*Exercise goal*
Beginning at the line that contains "This is a 2011", reproduce the entries below exactly, ending with the line that contains "Automatic locking wheel". Omit each picture.
─── Given data ───
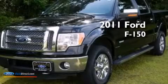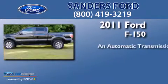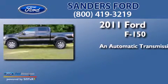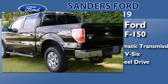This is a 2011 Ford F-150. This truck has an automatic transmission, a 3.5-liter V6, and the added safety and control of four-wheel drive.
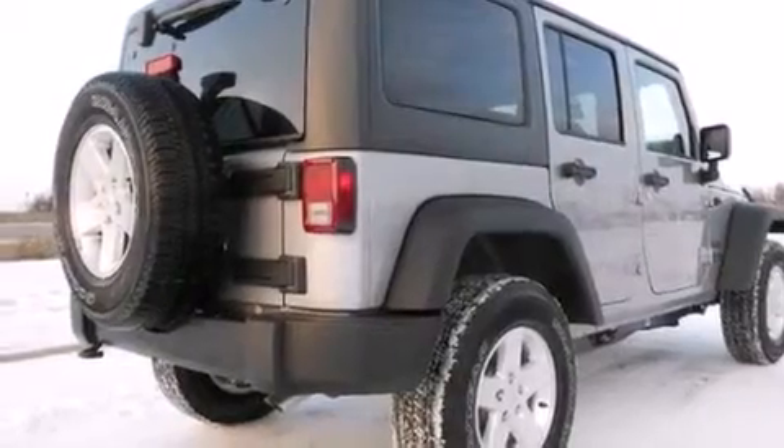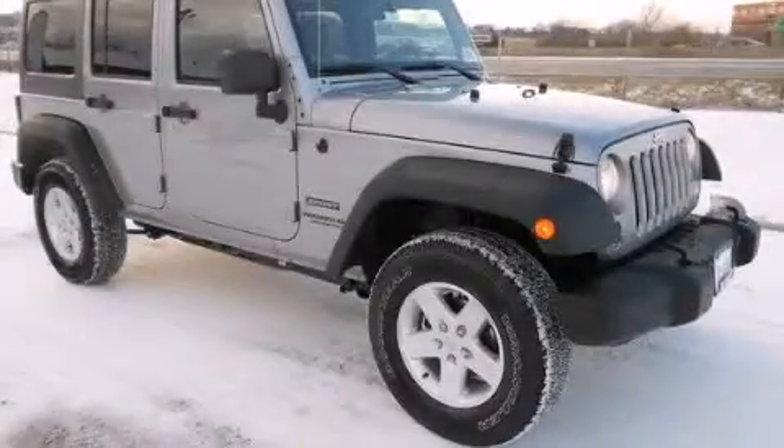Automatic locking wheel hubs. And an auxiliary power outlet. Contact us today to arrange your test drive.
───
─── Given data ───
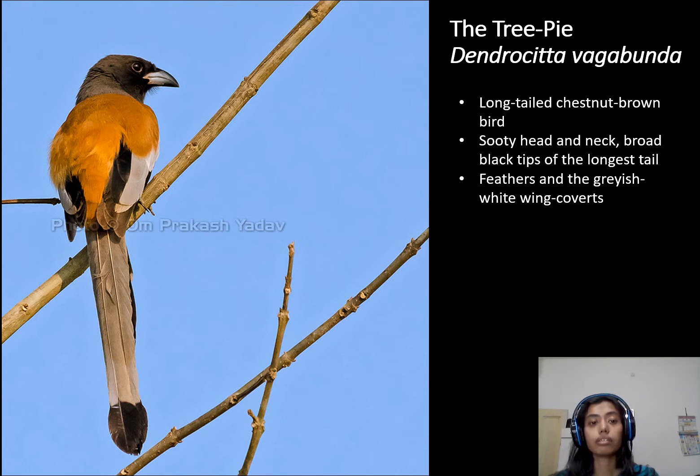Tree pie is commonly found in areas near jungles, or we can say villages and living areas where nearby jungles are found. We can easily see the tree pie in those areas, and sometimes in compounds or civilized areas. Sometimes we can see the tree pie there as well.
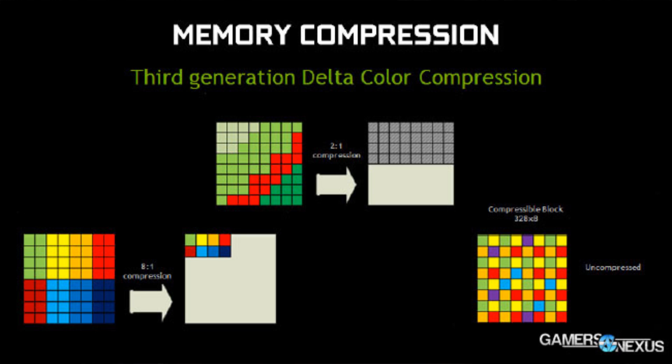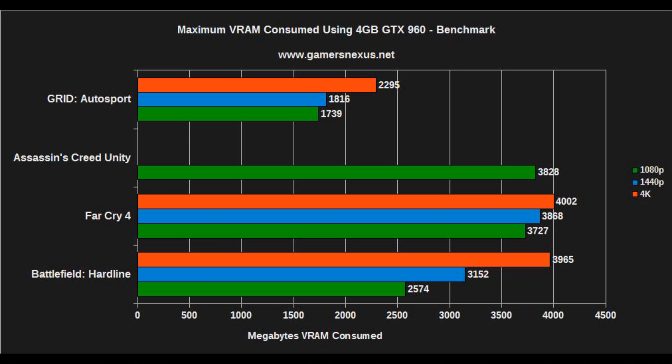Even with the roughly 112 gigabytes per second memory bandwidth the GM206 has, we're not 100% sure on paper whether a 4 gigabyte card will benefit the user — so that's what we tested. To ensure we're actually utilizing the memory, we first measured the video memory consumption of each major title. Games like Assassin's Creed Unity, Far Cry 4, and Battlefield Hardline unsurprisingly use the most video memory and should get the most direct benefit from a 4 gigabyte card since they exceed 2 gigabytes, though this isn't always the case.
───
*Solution to this exercise*
This is a 2011 Ford F-150. This truck has an automatic transmission, a 3.5-liter V6, and the added safety and control of four-wheel drive.
Automatic locking wheel hubs. And an auxiliary power outlet. Contact us today to arrange your test drive.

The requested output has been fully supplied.